The method flow proceeds to block 508 and the ALU control module 106 determines if the stall condition is complete. If not, the method flow returns to block 508 until the stall condition is complete. In response to the stall condition completing at block 508, the method flow proceeds to block 510 and the ALU control module 106 continues execution of instructions at all stages of the ALU pipeline 108.

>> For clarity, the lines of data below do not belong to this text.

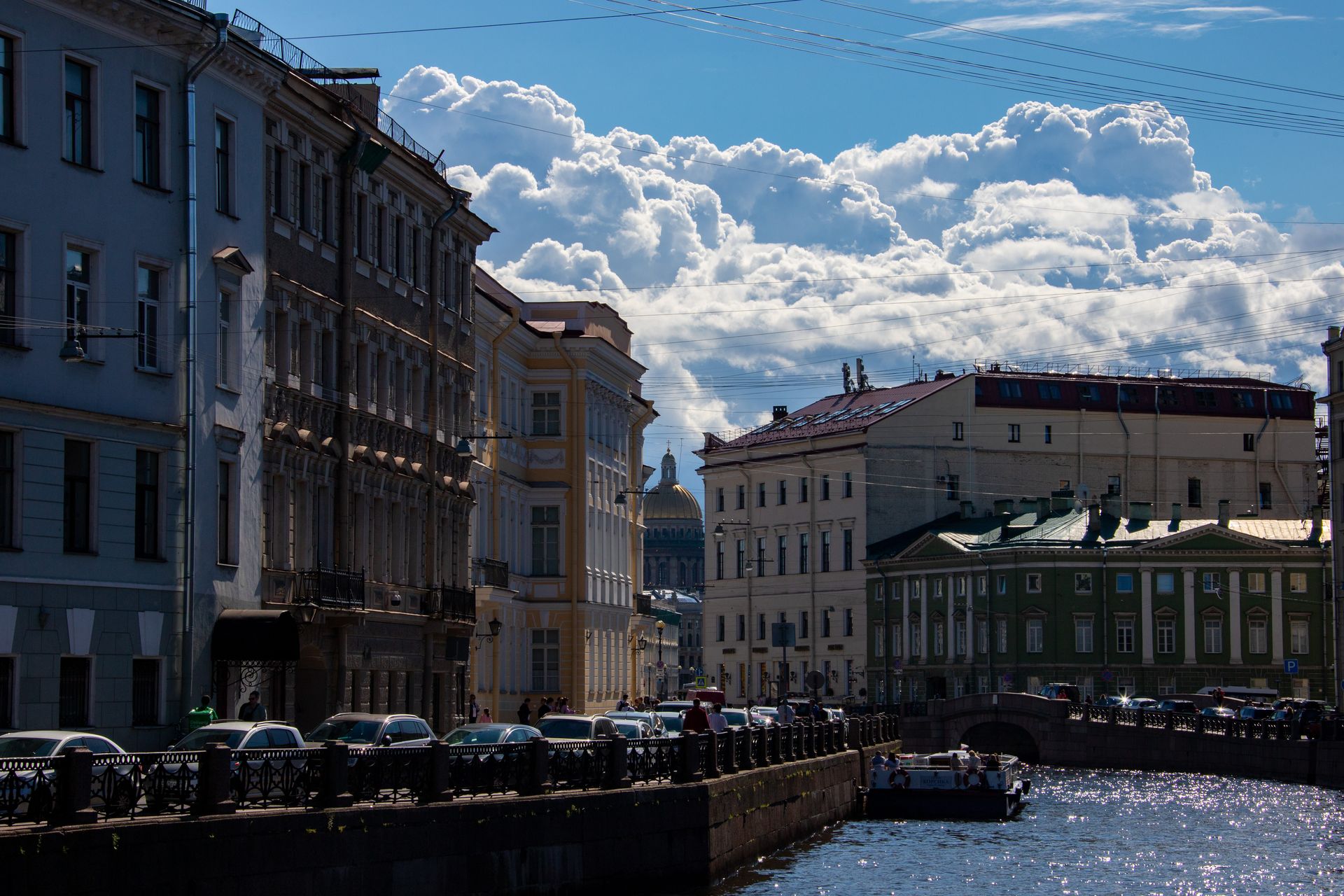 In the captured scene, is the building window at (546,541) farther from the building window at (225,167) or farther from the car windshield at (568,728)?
the building window at (225,167)

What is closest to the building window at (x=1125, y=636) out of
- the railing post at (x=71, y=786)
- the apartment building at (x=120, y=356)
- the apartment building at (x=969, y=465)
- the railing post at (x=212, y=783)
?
the apartment building at (x=969, y=465)

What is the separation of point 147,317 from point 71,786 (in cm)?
1423

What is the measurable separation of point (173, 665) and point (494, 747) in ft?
24.7

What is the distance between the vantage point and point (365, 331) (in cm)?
4297

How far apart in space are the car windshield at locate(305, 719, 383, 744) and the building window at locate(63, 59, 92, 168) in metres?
8.92

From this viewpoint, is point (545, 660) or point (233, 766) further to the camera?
point (545, 660)

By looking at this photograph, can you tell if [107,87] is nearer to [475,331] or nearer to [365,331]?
[365,331]

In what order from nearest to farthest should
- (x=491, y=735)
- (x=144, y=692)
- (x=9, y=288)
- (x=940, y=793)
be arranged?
1. (x=9, y=288)
2. (x=144, y=692)
3. (x=491, y=735)
4. (x=940, y=793)

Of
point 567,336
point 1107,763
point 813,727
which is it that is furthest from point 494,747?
point 1107,763

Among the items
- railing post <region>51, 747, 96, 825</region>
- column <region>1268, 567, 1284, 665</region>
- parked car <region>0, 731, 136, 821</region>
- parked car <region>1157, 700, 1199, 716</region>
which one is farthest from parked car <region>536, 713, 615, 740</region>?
column <region>1268, 567, 1284, 665</region>

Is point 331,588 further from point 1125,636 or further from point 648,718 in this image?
point 1125,636

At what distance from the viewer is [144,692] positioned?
1277 inches

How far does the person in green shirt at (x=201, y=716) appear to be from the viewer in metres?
31.9

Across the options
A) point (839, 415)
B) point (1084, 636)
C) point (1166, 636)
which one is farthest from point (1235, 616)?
point (839, 415) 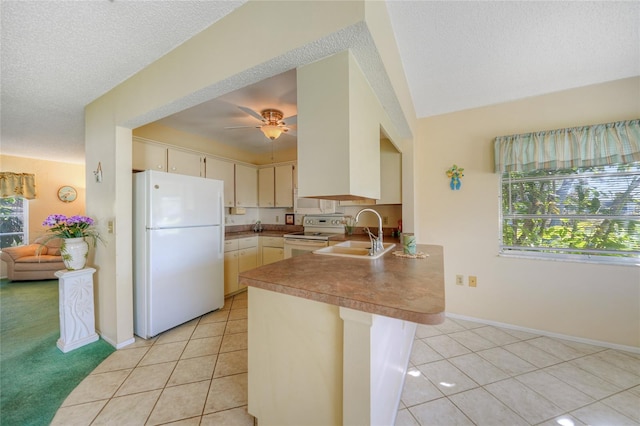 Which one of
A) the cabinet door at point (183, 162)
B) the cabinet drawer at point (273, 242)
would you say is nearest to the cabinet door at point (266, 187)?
the cabinet drawer at point (273, 242)

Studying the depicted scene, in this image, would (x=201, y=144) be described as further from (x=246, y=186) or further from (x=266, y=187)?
(x=266, y=187)

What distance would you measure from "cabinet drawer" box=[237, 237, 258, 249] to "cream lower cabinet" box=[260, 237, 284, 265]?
100 mm

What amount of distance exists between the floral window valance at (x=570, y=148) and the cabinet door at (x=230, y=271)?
3483 mm

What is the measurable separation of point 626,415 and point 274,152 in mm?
4729

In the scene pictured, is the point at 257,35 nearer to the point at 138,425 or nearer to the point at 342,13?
the point at 342,13

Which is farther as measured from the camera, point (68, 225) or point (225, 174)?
point (225, 174)

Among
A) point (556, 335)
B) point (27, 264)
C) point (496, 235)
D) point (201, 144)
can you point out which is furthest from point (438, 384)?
point (27, 264)

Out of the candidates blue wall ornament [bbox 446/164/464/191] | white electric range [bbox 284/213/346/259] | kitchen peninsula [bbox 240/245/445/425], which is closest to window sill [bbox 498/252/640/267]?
blue wall ornament [bbox 446/164/464/191]

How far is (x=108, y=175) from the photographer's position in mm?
2184

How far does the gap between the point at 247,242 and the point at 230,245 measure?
327 mm

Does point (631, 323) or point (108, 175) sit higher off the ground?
point (108, 175)

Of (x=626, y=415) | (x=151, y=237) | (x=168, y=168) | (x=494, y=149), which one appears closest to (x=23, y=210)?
(x=168, y=168)

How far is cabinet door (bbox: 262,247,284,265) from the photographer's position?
11.9 ft

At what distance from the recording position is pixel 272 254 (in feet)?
12.1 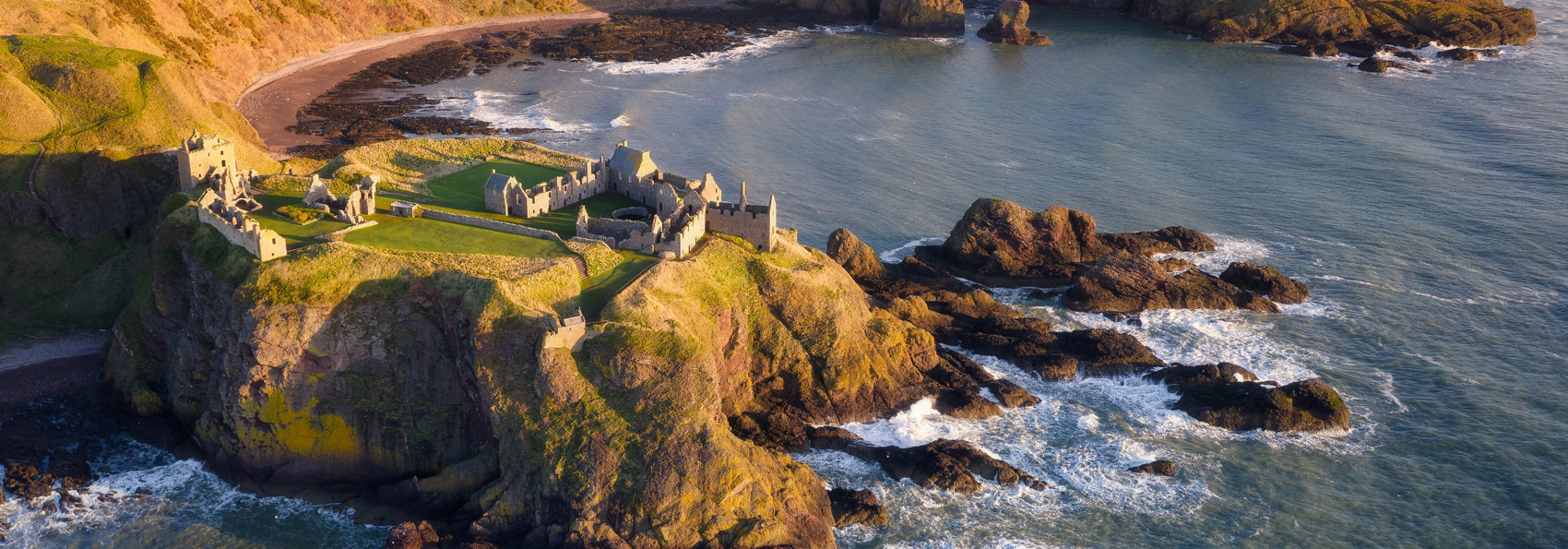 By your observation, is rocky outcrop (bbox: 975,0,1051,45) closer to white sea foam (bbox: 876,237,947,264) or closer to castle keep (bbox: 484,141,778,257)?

Note that not all of the activities or elements described above in the general description are required, that a portion of a specific activity or device may not be required, and that one or more further activities may be performed, or elements included, in addition to those described. Still further, the order in which activities are listed are not necessarily the order in which they are performed. Also, the concepts have been described with reference to specific embodiments. However, one of ordinary skill in the art appreciates that various modifications and changes can be made without departing from the scope of the present disclosure as set forth in the claims below. Accordingly, the specification and figures are to be regarded in an illustrative rather than a restrictive sense, and all such modifications are intended to be included within the scope of the present disclosure.
Benefits, other advantages, and solutions to problems have been described above with regard to specific embodiments. However, the benefits, advantages, solutions to problems, and any feature(s) that may cause any benefit, advantage, or solution to occur or become more pronounced are not to be construed as a critical, required, or essential feature of any or all the claims. Moreover, the particular embodiments disclosed above are illustrative only, as the disclosed subject matter may be modified and practiced in different but equivalent manners apparent to those skilled in the art having the benefit of the teachings herein. No limitations are intended to the details of construction or design herein shown, other than as described in the claims below. It is therefore evident that the particular embodiments disclosed above may be altered or modified and all such variations are considered within the scope of the disclosed subject matter. Accordingly, the protection sought herein is as set forth in the claims below.